--- MATERIALS PROVIDED Enclosed Below ---
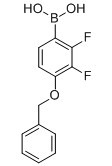 4-苄氧基-2.3-二氟苯硼酸-CAS:156635-87-9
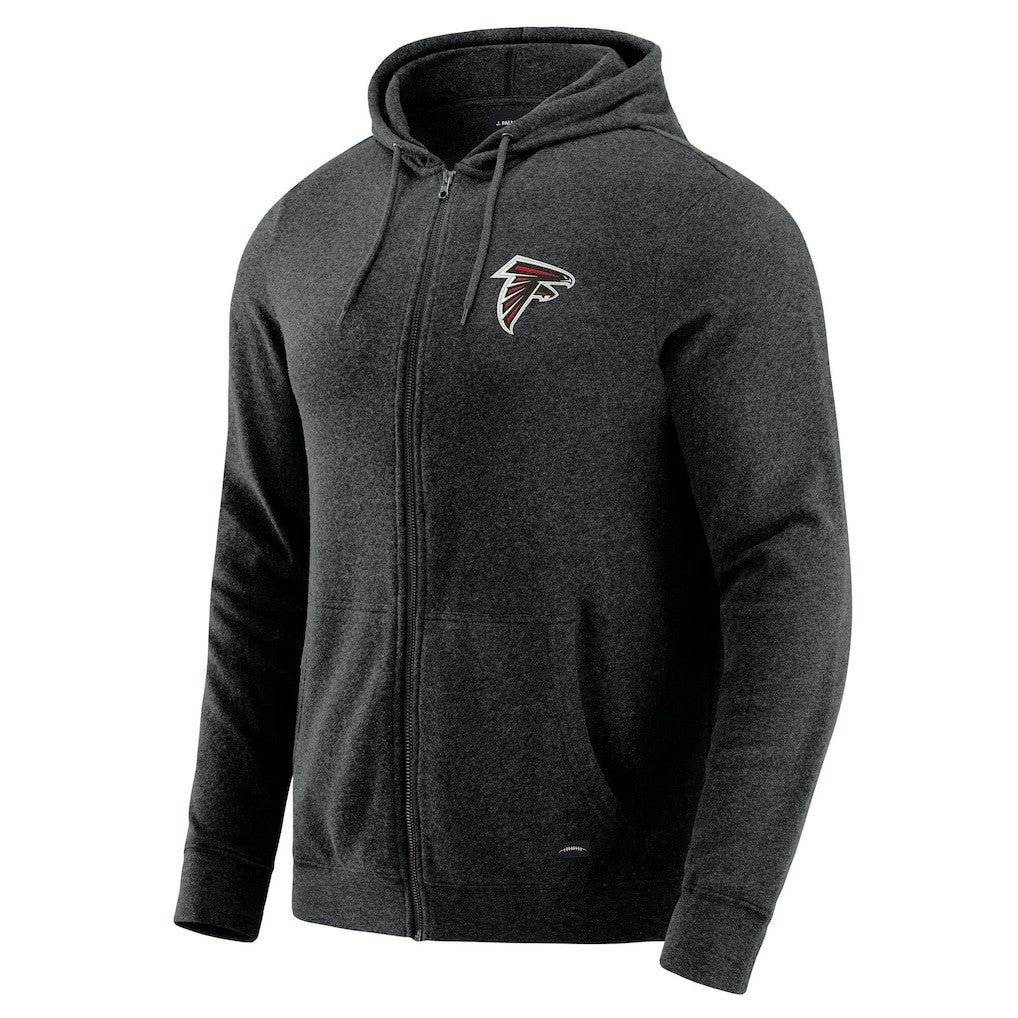 Atlanta Falcons  J. Palmer Players Lounge Tri-Blend Full-Zip Hoodie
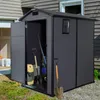 CCLIFE Gerätehaus Geräteschuppen Gartenhütte Kunststoff Produktbild-Vorschau 9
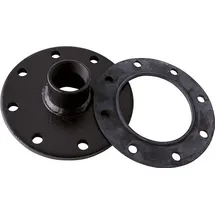 tml industrie loddo Flanschplatte 8-Loch 180 mm mit 1 1/2 Zoll IG Gewindeflansch Adapter Elektroheizstäbe Dichtung
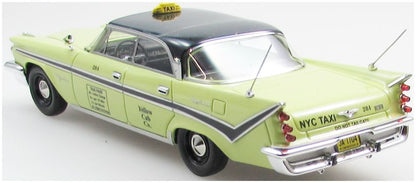 DeSoto Firedome 4 Door Hardtop Taxi Yellow Black 1959 1:43 – diecast model (view 3)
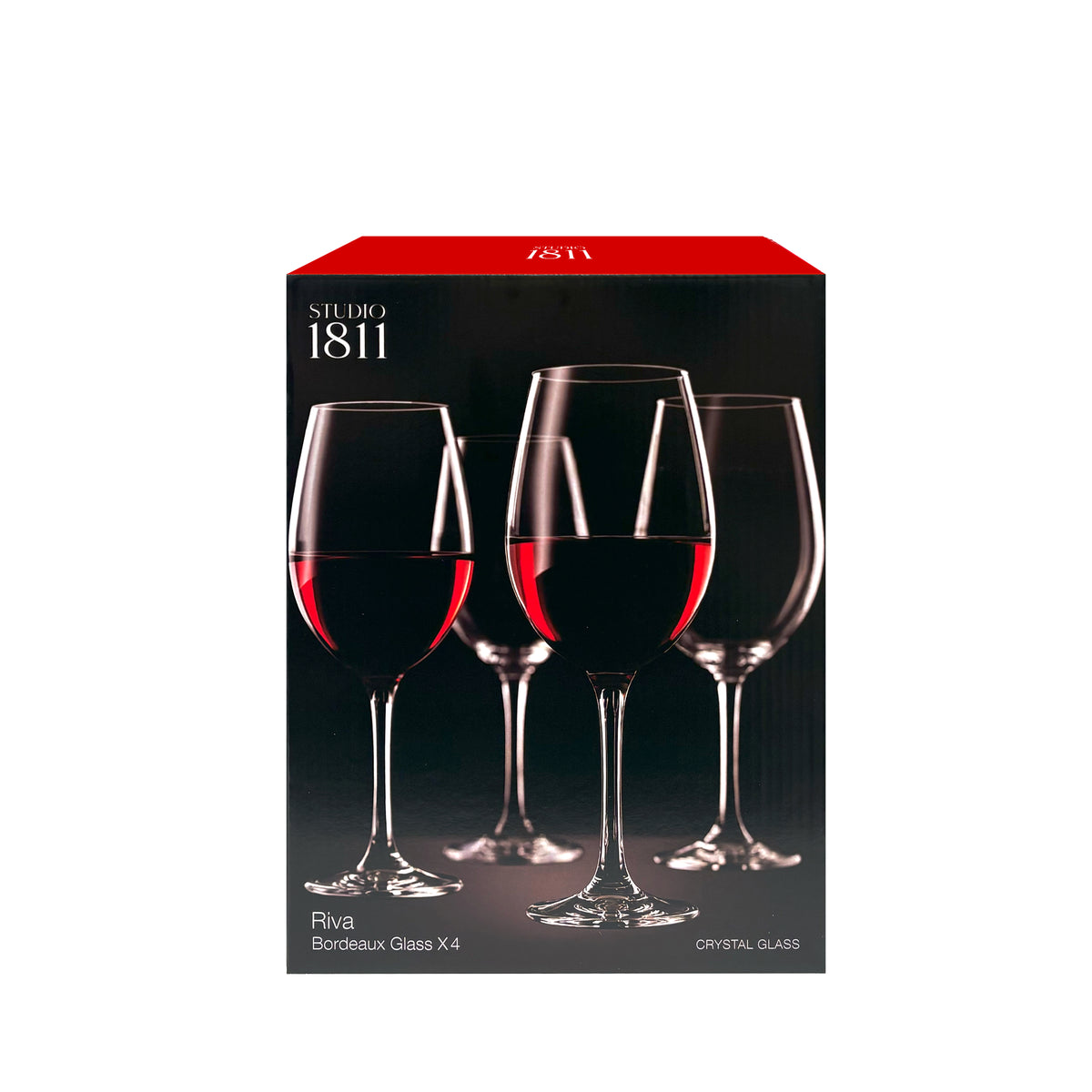 Riva Bordeaux Goblet 685ml (23oz) Set of 4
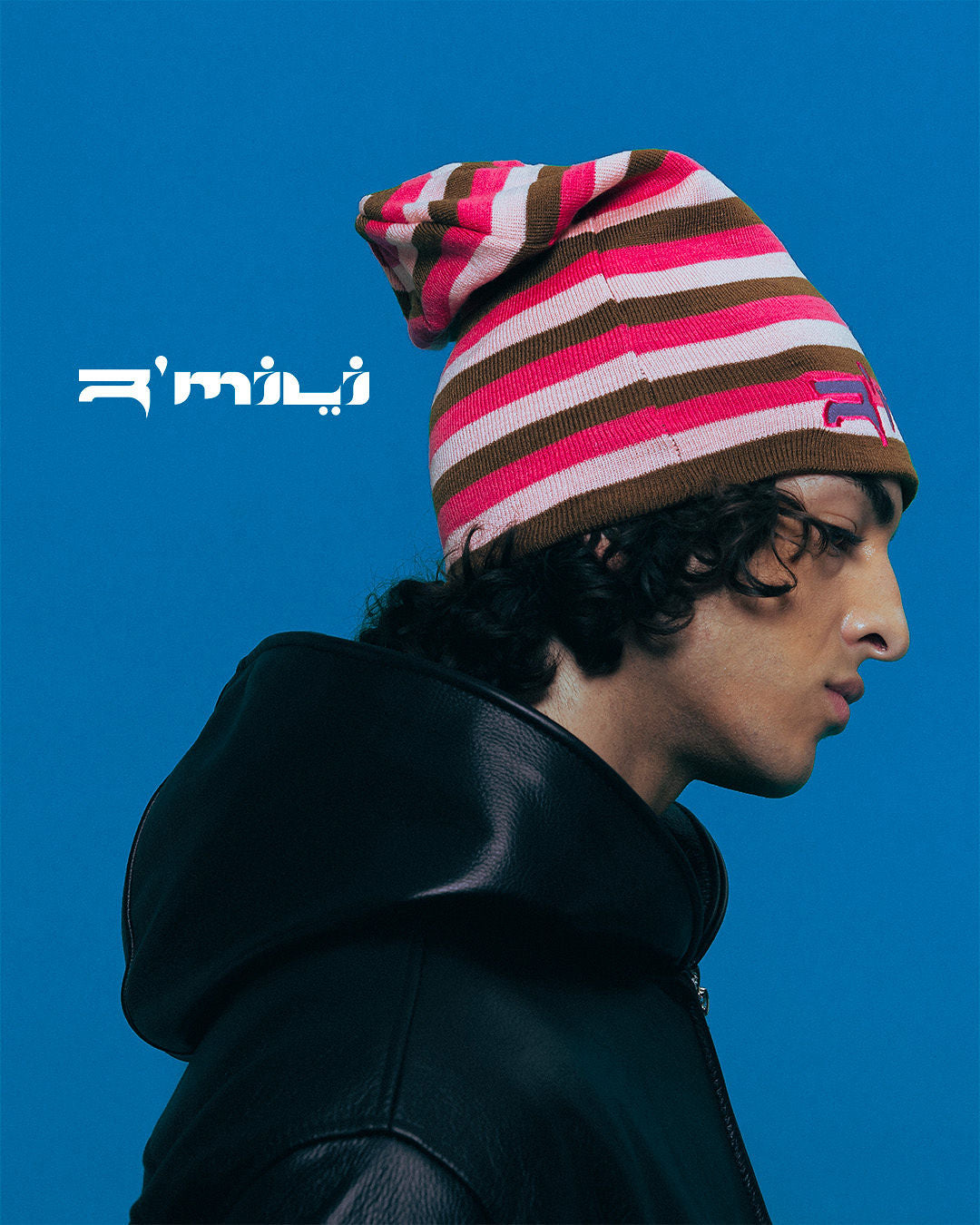 R’MILI STRIP BEANIE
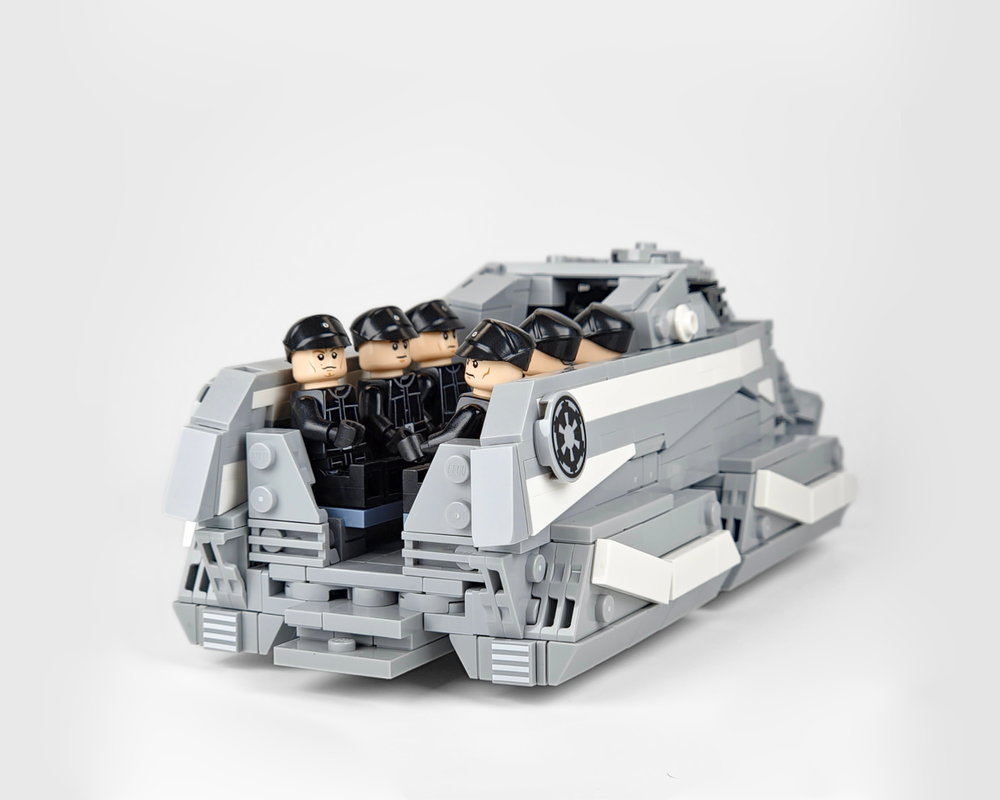 LEGO MOC Imperial Armored Personnel Carrier 2in1 Bundle (Ghorman & Mina ...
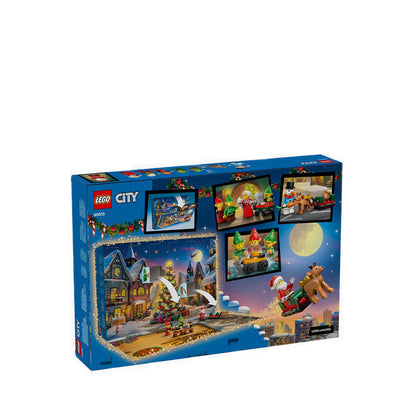 LEGO® City Advent Calendar 2026 - 60510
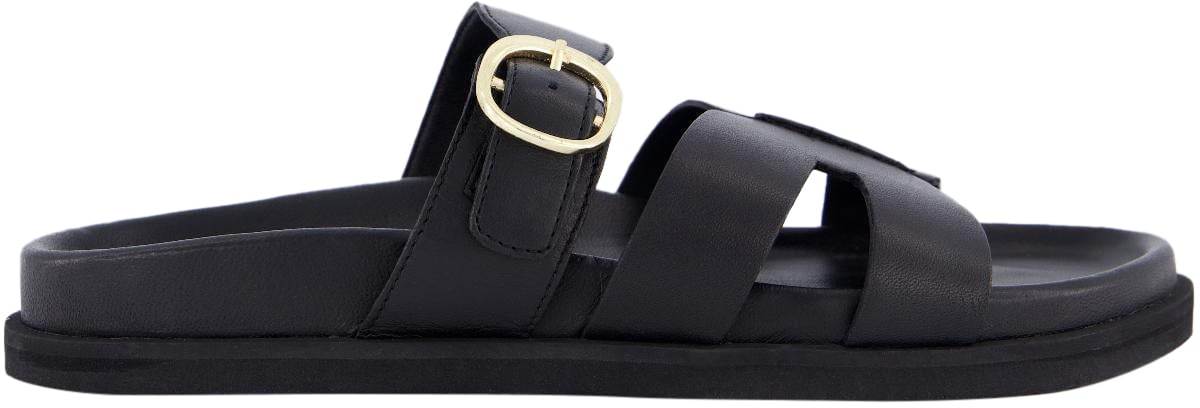 Atelier Verdi Dames Sara Slipper Zwart Zwart
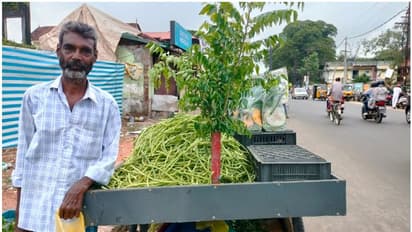 പൊള്ളുന്ന പച്ചക്കറിവില; പക്ഷേ ഹാഷിമിന്റെ പച്ചക്കറി കിറ്റ് വാങ്ങാൻ തിരക്കോട് തിരക്ക്, 50 രൂപ കിറ്റ് വൻ ഹിറ്റ്!
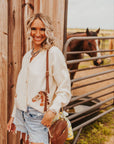The Vintage Equestrian Cardigan
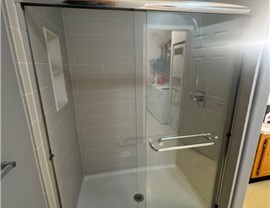 Showers Project in Eugene, OR by Miller Home Renovations LLC
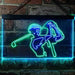 Golf Course Pro Shop Golf Player LED Light Sign - Way Up Gifts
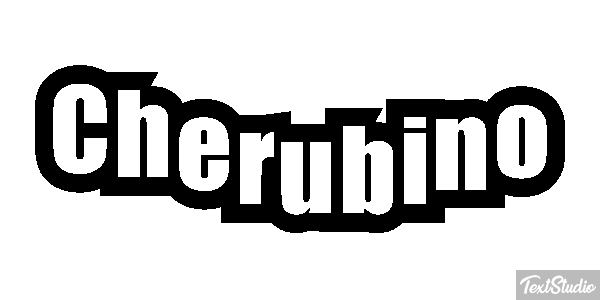 Cherubino Effet de texte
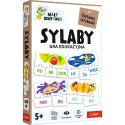 GRA - Sylaby / Mały Odkrywca Trefl 02813 Trefl Gry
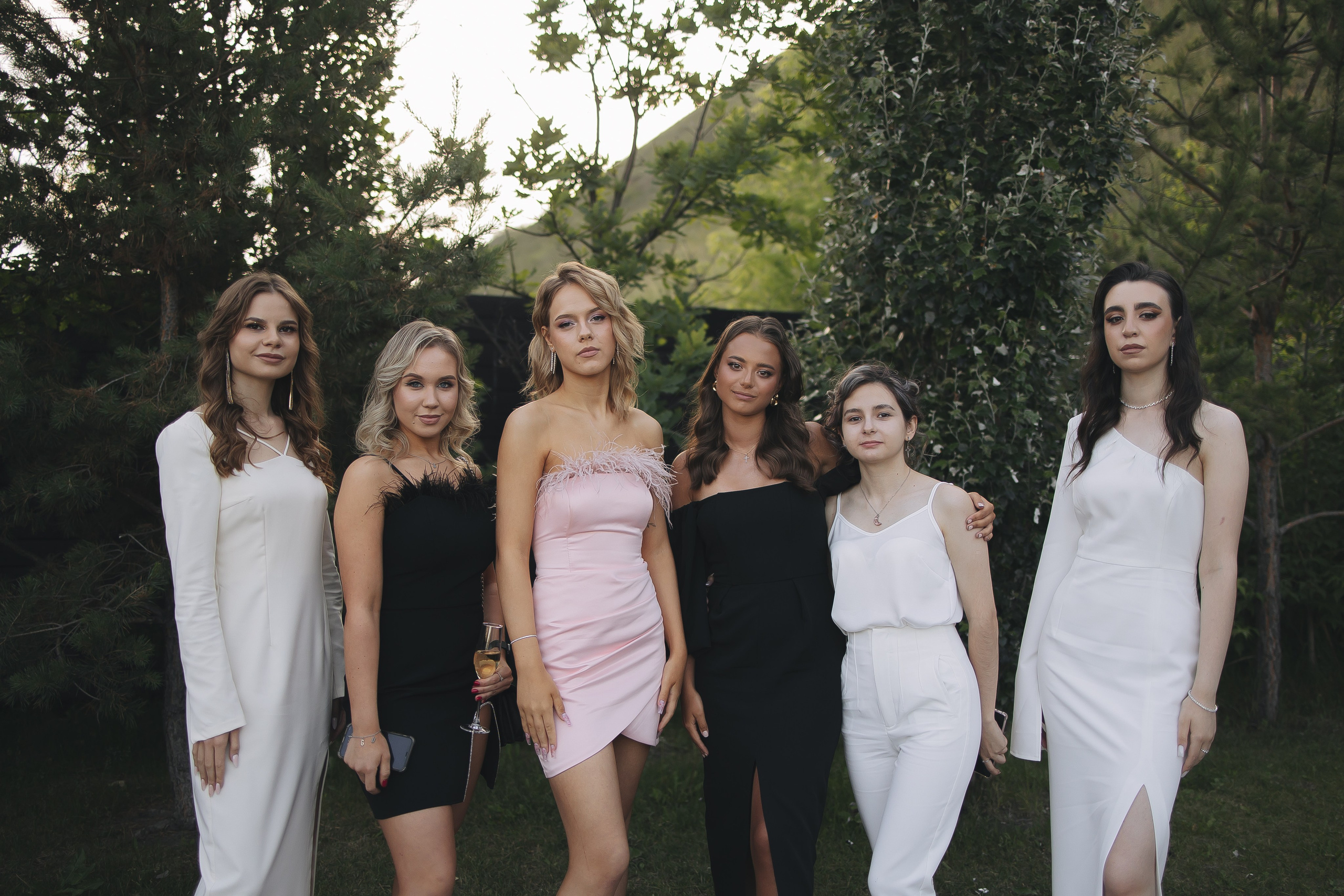 Выпускной Сосны. Свадебный и женский фотограф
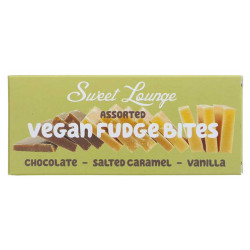 Vegan fudge bites Sweet Lounge
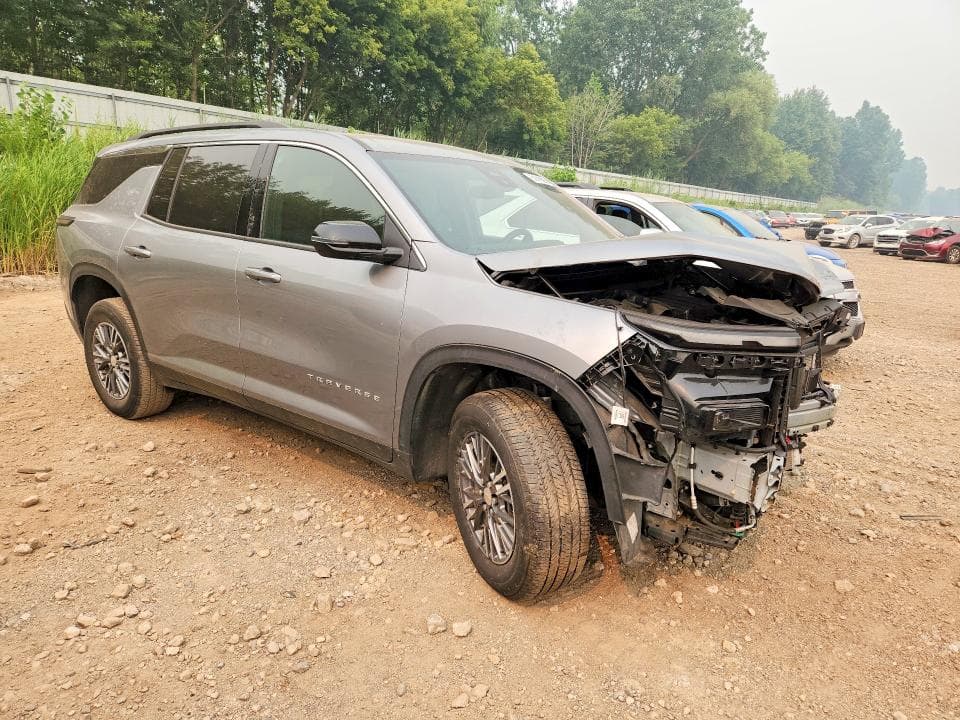 2025 CHEVROLET TRAVERSE LT 4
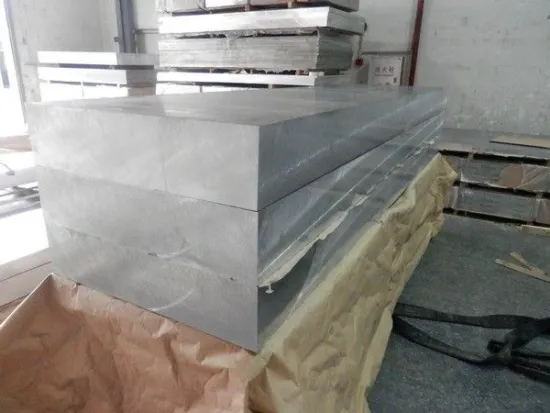 Light Flat Aluminum Plate 5754 With 225mm Width / 100mm Thickness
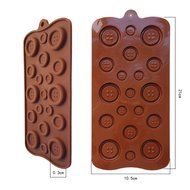 Luckygirls Different Shaped Silicone Non Stick Jelly Candy Baking Mould for Chocolate Candy-Cartoons, Characters... N8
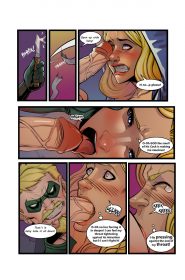 Black Canary- Ravished Prey 1 by Pieexpress (6)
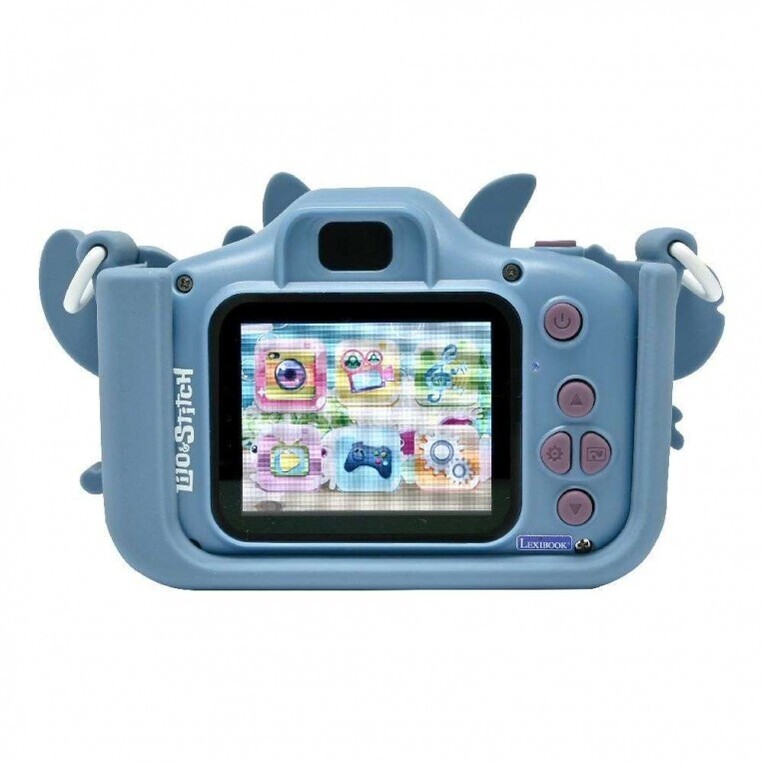 Lexibook Disney Stitch Παιδική Φωτογραφική Μηχανή - DJ078D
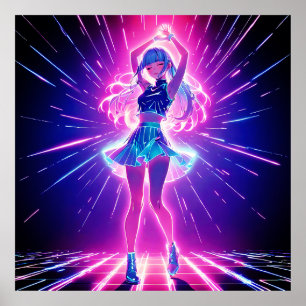 Dance Night Fantastisch Poster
--- End of Enclosed MATERIALS PROVIDED ---
» ABOUT THIS EXERCISE
All entries should be restated word for word; no images belong in the copy.

» TASK ANSWER
 4-苄氧基-2.3-二氟苯硼酸-CAS:156635-87-9
 Atlanta Falcons  J. Palmer Players Lounge Tri-Blend Full-Zip Hoodie
 CCLIFE Gerätehaus Geräteschuppen Gartenhütte Kunststoff Produktbild-Vorschau 9
 tml industrie loddo Flanschplatte 8-Loch 180 mm mit 1 1/2 Zoll IG Gewindeflansch Adapter Elektroheizstäbe Dichtung
 DeSoto Firedome 4 Door Hardtop Taxi Yellow Black 1959 1:43 – diecast model (view 3)
 Riva Bordeaux Goblet 685ml (23oz) Set of 4
 R’MILI STRIP BEANIE
 LEGO MOC Imperial Armored Personnel Carrier 2in1 Bundle (Ghorman & Mina ...
 LEGO® City Advent Calendar 2026 - 60510
 Atelier Verdi Dames Sara Slipper Zwart Zwart
 പൊള്ളുന്ന പച്ചക്കറിവില; പക്ഷേ ഹാഷിമിന്റെ പച്ചക്കറി കിറ്റ് വാങ്ങാൻ തിരക്കോട് തിരക്ക്, 50 രൂപ കിറ്റ് വൻ ഹിറ്റ്!
The Vintage Equestrian Cardigan
 Showers Project in Eugene, OR by Miller Home Renovations LLC
 Golf Course Pro Shop Golf Player LED Light Sign - Way Up Gifts
 Cherubino Effet de texte
 GRA - Sylaby / Mały Odkrywca Trefl 02813 Trefl Gry
 Выпускной Сосны. Свадебный и женский фотограф
 Vegan fudge bites Sweet Lounge
 2025 CHEVROLET TRAVERSE LT 4
 Light Flat Aluminum Plate 5754 With 225mm Width / 100mm Thickness
 Luckygirls Different Shaped Silicone Non Stick Jelly Candy Baking Mould for Chocolate Candy-Cartoons, Characters... N8
 Black Canary- Ravished Prey 1 by Pieexpress (6)
 Lexibook Disney Stitch Παιδική Φωτογραφική Μηχανή - DJ078D
 Dance Night Fantastisch Poster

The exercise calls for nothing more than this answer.